TO DO: No line before the one holding "Jeans TOMMY HILFIGER" is to be copied; that line and all after it, through the end of the listing, are returned exactly, minus pictures.
======== DATA FOR THE TASK
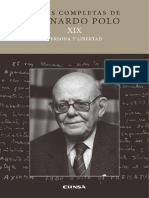 Persona y Libertad. Obras Completas de Leonardo Polo. Serie A, Volumen XIX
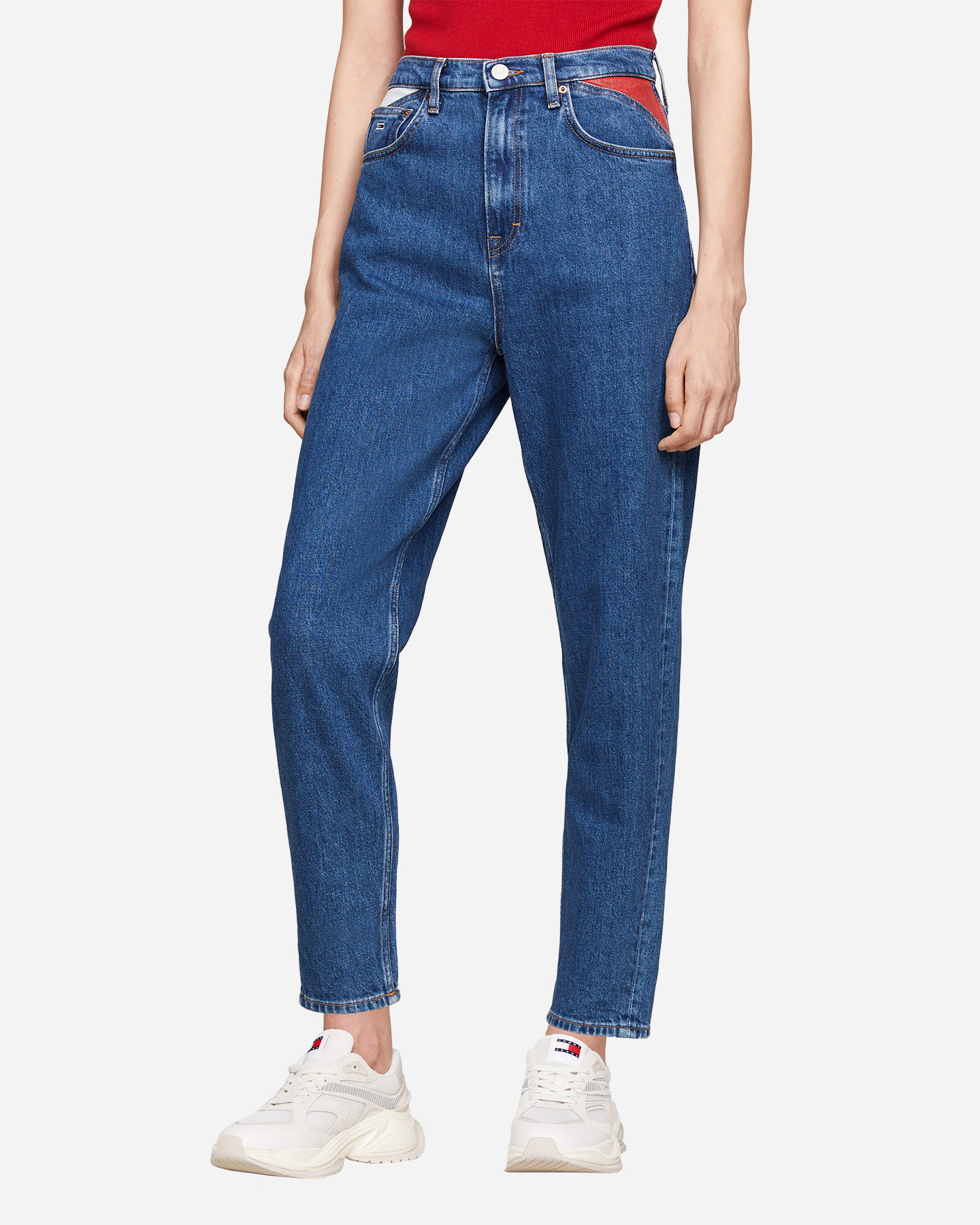 Jeans TOMMY HILFIGER MOM FLAG L32 W - Denim - 1 | Cisalfa Sport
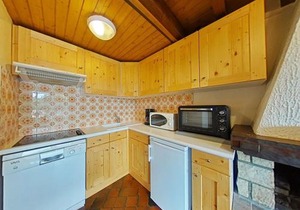 Appartement cosy 7 couchages, au pied des pistes, cheminée, parking - FR-1-241-23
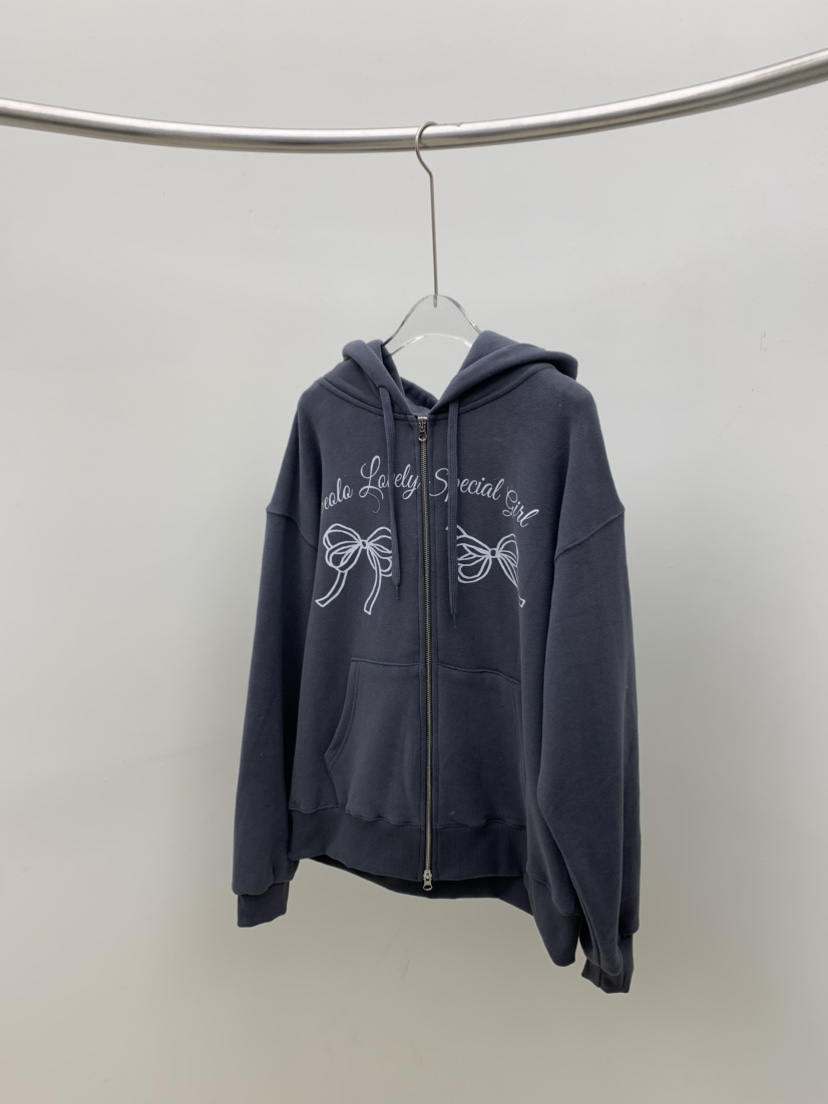 SEOLO韓國代購㊣女士新品推薦職業休閑25秋冬衛衣連帽衫拉鏈Seolo seoul衛衣圖色1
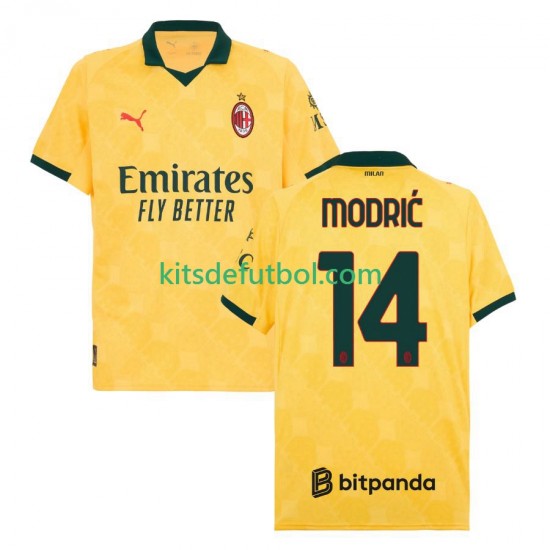 AC Milan Luca Modric 14 Hombre Camiseta alternativa 2025-2026 Manga Corta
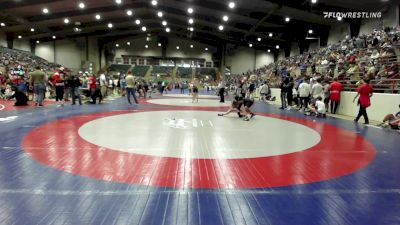 75 lbs Rr Rnd 1 - Kyrun Walker-Smith, Level Up Wrestling Center vs Rhett Hanes, Georgia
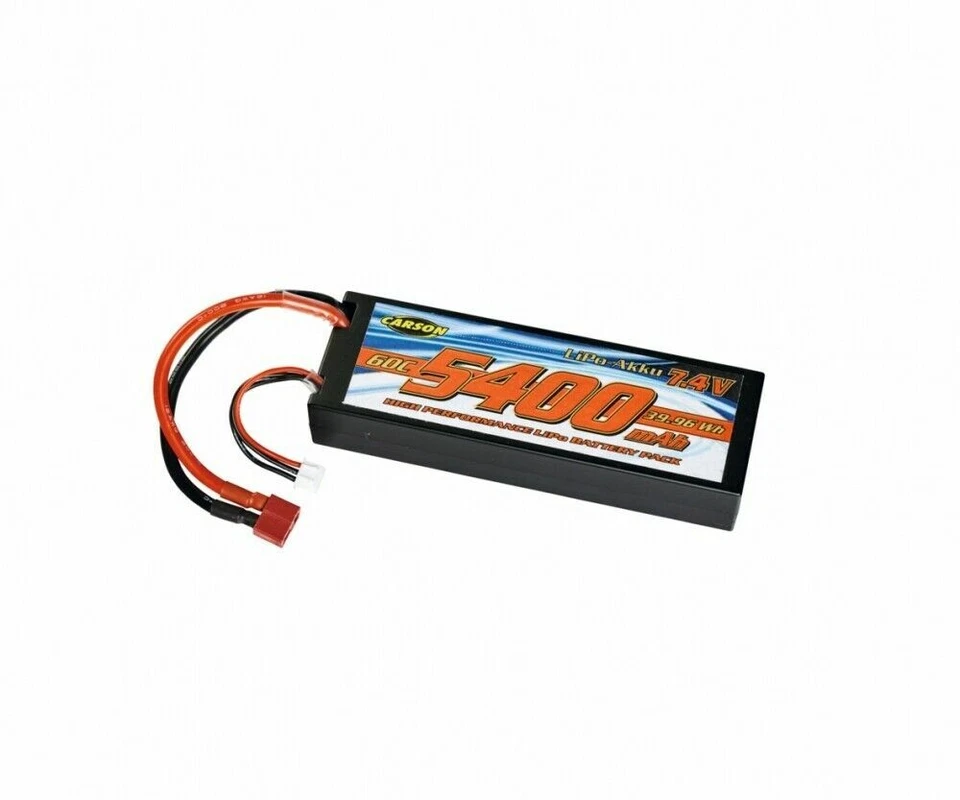 Carson 500608234 Racing Pack 7,4V/5400mAh 60C LiPO Race Akku T-Pl. HC - Bild 1 von 1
================
EXERCISE OUTPUT:
 Jeans TOMMY HILFIGER MOM FLAG L32 W - Denim - 1 | Cisalfa Sport
 Appartement cosy 7 couchages, au pied des pistes, cheminée, parking - FR-1-241-23
 SEOLO韓國代購㊣女士新品推薦職業休閑25秋冬衛衣連帽衫拉鏈Seolo seoul衛衣圖色1
 AC Milan Luca Modric 14 Hombre Camiseta alternativa 2025-2026 Manga Corta
 75 lbs Rr Rnd 1 - Kyrun Walker-Smith, Level Up Wrestling Center vs Rhett Hanes, Georgia
 Carson 500608234 Racing Pack 7,4V/5400mAh 60C LiPO Race Akku T-Pl. HC - Bild 1 von 1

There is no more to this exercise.